### TASK TO CARRY OUT
Return, word for word, only the lines of the data below that lie between the line with "Star Wars Stormtrooper" and the line with "Generation Beanie Babies", those two lines included.
**** RECORD EXTRACTS ****
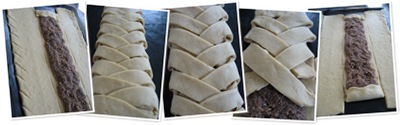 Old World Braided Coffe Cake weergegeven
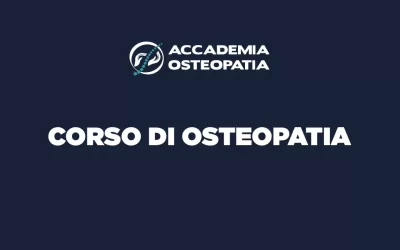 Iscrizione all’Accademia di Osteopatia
****
**** RECORD EXTRACTS ****
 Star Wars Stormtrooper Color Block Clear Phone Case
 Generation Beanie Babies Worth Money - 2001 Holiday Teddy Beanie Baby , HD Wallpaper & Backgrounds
****
**** RECORD EXTRACTS ****
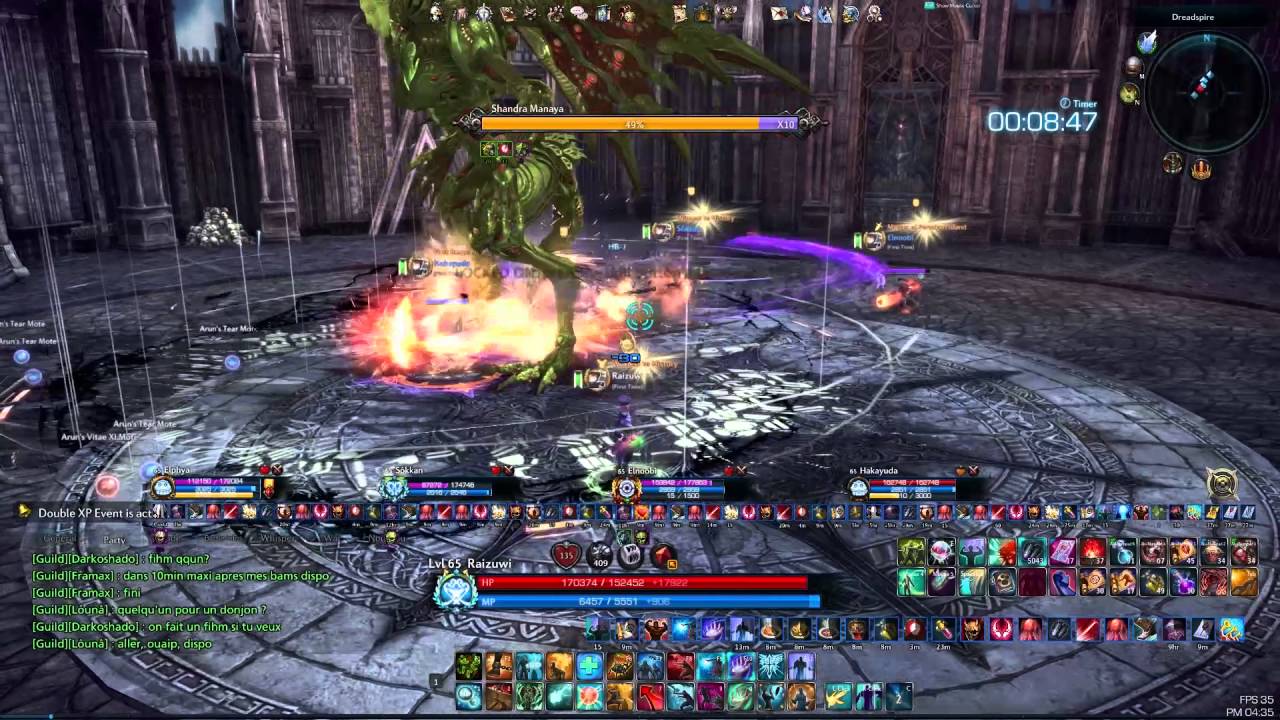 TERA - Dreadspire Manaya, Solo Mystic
****
### REPLY TO THE EXERCISE
 Star Wars Stormtrooper Color Block Clear Phone Case
 Generation Beanie Babies Worth Money - 2001 Holiday Teddy Beanie Baby , HD Wallpaper & Backgrounds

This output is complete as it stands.